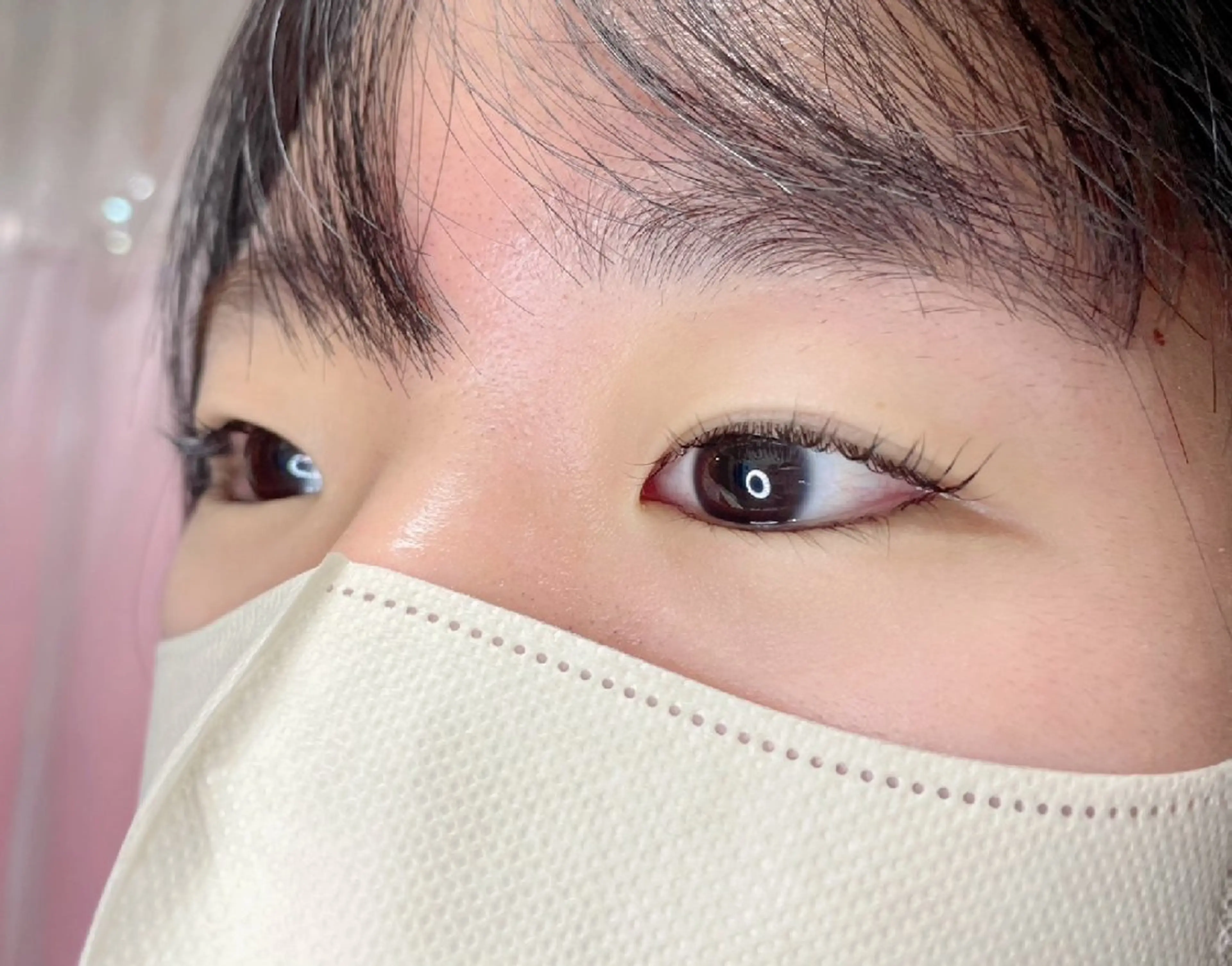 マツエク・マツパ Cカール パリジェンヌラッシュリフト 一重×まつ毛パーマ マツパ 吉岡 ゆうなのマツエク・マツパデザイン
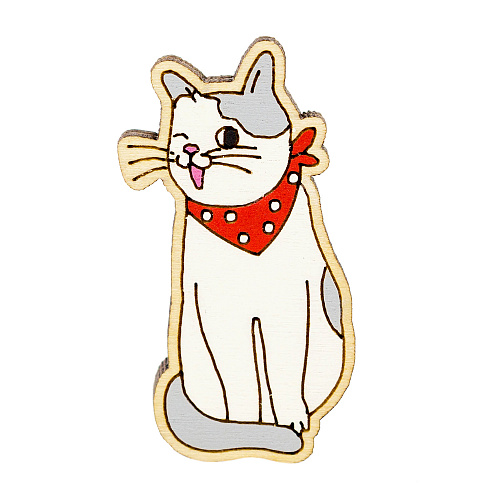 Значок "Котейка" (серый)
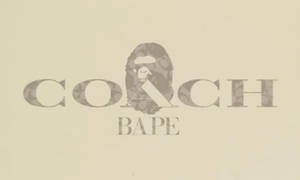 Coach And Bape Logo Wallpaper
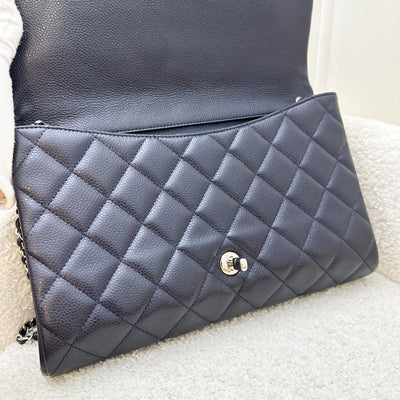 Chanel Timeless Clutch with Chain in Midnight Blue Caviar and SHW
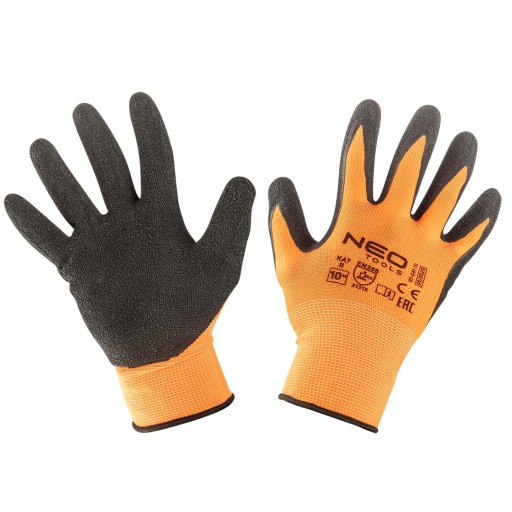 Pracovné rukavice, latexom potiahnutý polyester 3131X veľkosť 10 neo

____________________

WORK TO BE COMPLETED — Copy out all the data exactly. The images should not appear in the copy.

TASK RESPONSE —
 マツエク・マツパ Cカール パリジェンヌラッシュリフト 一重×まつ毛パーマ マツパ 吉岡 ゆうなのマツエク・マツパデザイン
 Значок "Котейка" (серый)
 Coach And Bape Logo Wallpaper
 Chanel Timeless Clutch with Chain in Midnight Blue Caviar and SHW
 Pracovné rukavice, latexom potiahnutý polyester 3131X veľkosť 10 neo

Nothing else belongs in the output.